* Problem requirements *
Filter the listing below, keeping only the lines with the word "Chevrolet".
Provided entries Block Start
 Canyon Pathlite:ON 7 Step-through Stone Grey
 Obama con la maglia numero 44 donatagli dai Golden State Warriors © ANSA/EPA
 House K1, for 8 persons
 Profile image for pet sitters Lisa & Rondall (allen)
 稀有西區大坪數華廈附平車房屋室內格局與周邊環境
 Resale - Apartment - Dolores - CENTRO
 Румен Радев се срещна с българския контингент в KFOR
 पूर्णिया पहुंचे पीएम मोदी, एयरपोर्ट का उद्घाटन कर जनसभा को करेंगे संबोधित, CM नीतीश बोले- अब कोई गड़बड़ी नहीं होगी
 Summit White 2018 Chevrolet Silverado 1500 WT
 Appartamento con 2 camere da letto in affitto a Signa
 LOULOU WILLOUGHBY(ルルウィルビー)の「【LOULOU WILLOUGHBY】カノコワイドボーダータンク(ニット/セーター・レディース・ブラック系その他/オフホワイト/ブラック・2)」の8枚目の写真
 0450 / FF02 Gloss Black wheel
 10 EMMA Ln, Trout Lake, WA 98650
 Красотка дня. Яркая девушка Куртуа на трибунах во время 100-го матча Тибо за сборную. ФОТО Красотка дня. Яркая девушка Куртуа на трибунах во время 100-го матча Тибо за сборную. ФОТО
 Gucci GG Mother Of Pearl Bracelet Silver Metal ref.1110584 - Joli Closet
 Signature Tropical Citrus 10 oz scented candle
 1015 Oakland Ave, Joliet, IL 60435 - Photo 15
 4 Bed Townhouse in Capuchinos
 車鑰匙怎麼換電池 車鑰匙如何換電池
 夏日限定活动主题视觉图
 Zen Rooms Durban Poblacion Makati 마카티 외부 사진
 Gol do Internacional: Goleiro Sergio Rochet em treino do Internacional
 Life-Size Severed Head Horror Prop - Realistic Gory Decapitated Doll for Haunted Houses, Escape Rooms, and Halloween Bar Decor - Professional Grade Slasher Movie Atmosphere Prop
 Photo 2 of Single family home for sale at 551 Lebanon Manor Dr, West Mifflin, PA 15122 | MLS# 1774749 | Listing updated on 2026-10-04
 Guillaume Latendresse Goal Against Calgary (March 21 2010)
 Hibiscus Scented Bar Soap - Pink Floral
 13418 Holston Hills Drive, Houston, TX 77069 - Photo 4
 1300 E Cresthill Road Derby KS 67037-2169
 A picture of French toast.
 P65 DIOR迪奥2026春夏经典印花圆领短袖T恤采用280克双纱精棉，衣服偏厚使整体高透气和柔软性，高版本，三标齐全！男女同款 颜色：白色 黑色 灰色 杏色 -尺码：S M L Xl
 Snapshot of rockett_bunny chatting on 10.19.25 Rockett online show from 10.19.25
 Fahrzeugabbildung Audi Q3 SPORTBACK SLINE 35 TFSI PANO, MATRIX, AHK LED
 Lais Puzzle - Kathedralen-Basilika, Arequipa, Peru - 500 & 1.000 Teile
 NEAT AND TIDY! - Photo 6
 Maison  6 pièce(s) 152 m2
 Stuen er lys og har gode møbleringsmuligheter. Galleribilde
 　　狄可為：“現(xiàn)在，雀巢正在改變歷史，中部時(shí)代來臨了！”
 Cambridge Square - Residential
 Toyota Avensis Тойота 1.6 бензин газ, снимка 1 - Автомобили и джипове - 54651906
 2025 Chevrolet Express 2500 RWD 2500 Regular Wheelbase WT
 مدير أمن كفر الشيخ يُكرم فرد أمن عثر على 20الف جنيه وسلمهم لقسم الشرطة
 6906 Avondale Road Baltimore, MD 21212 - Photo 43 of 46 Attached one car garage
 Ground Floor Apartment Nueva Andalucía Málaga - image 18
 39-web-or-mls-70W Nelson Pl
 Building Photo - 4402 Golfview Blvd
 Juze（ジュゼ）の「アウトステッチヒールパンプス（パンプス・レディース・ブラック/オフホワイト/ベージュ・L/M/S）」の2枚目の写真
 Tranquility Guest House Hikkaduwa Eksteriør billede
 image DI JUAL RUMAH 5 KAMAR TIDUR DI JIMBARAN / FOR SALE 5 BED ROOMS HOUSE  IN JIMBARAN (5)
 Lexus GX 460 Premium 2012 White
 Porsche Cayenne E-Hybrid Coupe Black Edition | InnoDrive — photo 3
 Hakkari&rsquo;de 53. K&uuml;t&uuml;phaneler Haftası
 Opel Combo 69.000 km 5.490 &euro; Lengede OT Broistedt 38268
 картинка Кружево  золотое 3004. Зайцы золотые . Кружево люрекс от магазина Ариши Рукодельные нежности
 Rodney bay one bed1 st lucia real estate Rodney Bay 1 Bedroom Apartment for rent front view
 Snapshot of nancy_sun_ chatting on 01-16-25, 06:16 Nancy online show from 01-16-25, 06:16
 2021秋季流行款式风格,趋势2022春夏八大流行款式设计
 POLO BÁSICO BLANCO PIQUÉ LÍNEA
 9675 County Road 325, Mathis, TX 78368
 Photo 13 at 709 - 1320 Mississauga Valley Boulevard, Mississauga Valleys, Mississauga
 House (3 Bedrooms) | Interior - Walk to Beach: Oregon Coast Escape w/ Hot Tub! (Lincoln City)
Provided entries Block End
* Solution to this exercise *
 Summit White 2018 Chevrolet Silverado 1500 WT
 2025 Chevrolet Express 2500 RWD 2500 Regular Wheelbase WT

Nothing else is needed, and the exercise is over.